The End of Patent Drafting: How AI Is Changing IP Workflows in 2026

8 min read Original article ↗

My professional career started when I was 12, I started building websites for folks on the internet. We’d find each other through forums, they’d pay my invoices, never met in person. At 14, I accessed a router via my play-station-portable, accessing an unprotected AS400 system on a network at a medical billing service and pulled medical records. I showed the staff and they offered me a job in their IT to fix their network stack.

In college and after, I worked across ML, computer vision, and large-scale engineering—at Caterpillar, in research labs, and later in R&D at Capital One. I led teams, built ML platforms, shipped early generative AI products, open-sourced major projects, taught deep learning to thousands of engineers, and published along the way.

I’ve always viewed myself as in a trade, I was a programmer. I learned it, practiced it, mastered it, and helped pass it on. But that trade is now in its twilight. Some parts will remain, but programming as we’ve known it is ending—marking a moment of excitement, optimism, and nostalgia.

Journeyman at Sundown by IP Copilot

In a sense, AI has or will soon make it possible for anyone to become a content creator of any kind – writer, musician, programmer, videographer, designer, marketer, and yes… patent drafter.

AI Engineering at IP Copilot

One thing we’ve been working hard at during 2025 was trying to integrate automation as heavily as possible into our engineering workflows. In the first half of the year, that was mostly using AI on small sections of code and ask basic / small questions and doing security checks.

The real step change came in May 2025 with the release of Codex Cloud by Open AI. We lightly tested it for 6 weeks and in July we pushed it fully into our workflows. Below you can see how quickly it’s helped us accelerate our pull requests (PRs) on one of our repositories, each PR are in effect one features added or bugs fixed.

A line graph depicting GitHub contributions over time, with three data series: total PRs in blue, Codex PRs in red, and line changes in pink, showing an upward trend in contributions starting in mid-2023 and increasing significantly by mid-2025.

Since we’ve started using Codex, with the same team, we’ve increased our PRs by 2.5x and the code volume by 5x. You may be asking yourself, is the AI generating unnecessary code? Yes, it is. However, as noted by the team, it used to take 3-5 PRs to get a major feature out and now we’re doing it in one. If we have an additional 20, 30, 50% code who cares? Ultimately it’s results that count.
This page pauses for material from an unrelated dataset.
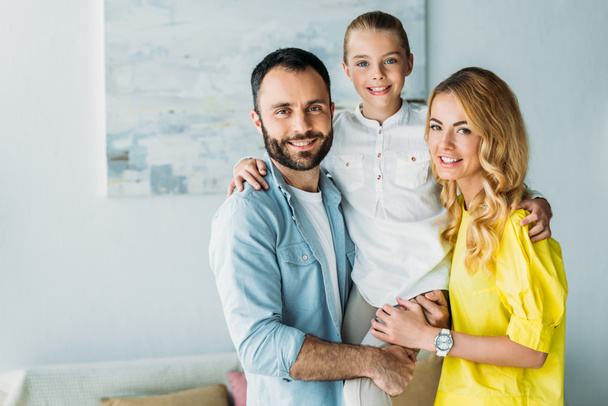 happy young family standing together at home and looking at camera - Zdjęcie, obraz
Every week I’m in a meeting with a prospect or customer, we see a minor issue or something we can improve. We log it all, take screenshots, and send it to Codex at the end of the call. I then log the issue, the PR, the call transcript / video and send it to the engineers to validate. We can get a release out same day.

When the Code Learned to Sing

With this acceleration in development our main bottle neck now is code reviews and even that I expect to diminish over time as the AI improves. As a team, our goal is to remove every bottle neck and we are getting increasingly good at piping requisite data to the AI at the same time the AI is getting increasing context and performance.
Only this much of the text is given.